一方、それとは逆に、やることなすことすべてがうまくゆかず、「自分は天に見放されている」とさえ思ってしまうような逆境のときを過ごした方もいるかもしれません。
この1年、折々に成功と失敗、幸運と試練、順境と逆境、光と闇を経験してきたということでしょう。
人生とはまさに、良いときと悪いとき、明と暗が入れ替わり、交差しているものです。
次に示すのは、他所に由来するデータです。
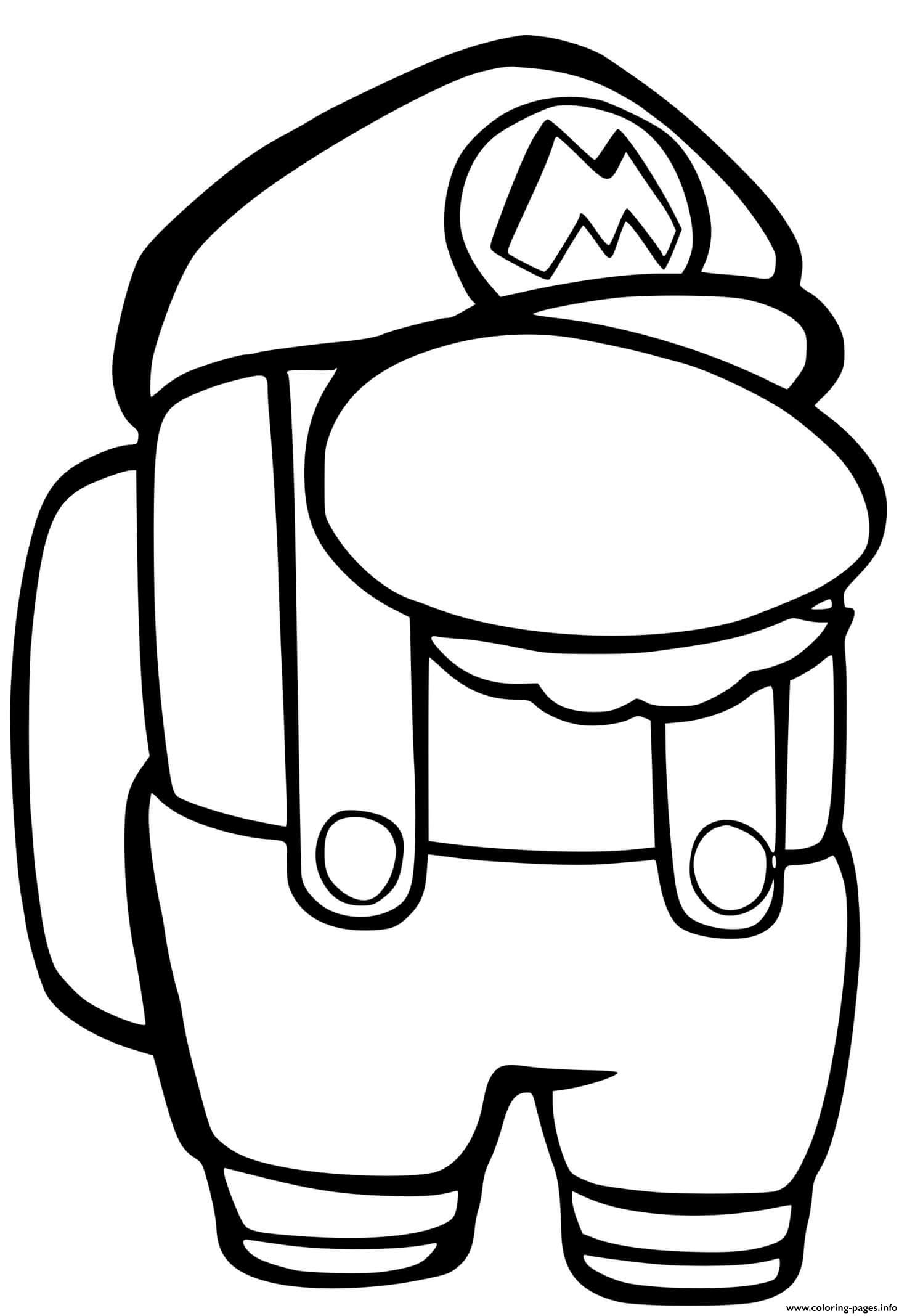 95+ Whimsical Mario Among Us Coloring Pages Printable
そして、そのような良し悪し、明暗の浮き沈み、乱高下の現実の中で、大切なものを見極め、よりよい現実を生み出してゆくことが、人生の大事と言うべきものなのです。
あなたの今年1年の歩みにはどのような明暗の事態が訪れ、それをどのように受けとめて歩んできたでしょうか。
「どう振り返るか」が新たな流れを導く
私たちの学びの場では、願いや目的を現実に結ぶために、「先智慧(さきぢえ)(*1)→実行→後智慧(あとぢえ)(*2)」という「具現の循環」(*3)を回す歩みを大切にしています。
1年というサイクルであれば、年末あるいは年初に新たな1年を望み見る先智慧を行い、1年のサイクルが終わる12月にはその歩みを振り返る後智慧のときをもつ──。
自らにとって、この1年の歩みはどうだったろう。あの出会い、あの出来事をどう受けとめただろうか。そこにあった呼びかけに耳を傾けることができただろうか。その声を受けとめ、新たな一歩を踏み出すことができただろうか。今、改めて思い返すとき、そこに思い残すことはないだろうか。新たに考えなければならないことはないだろうか……。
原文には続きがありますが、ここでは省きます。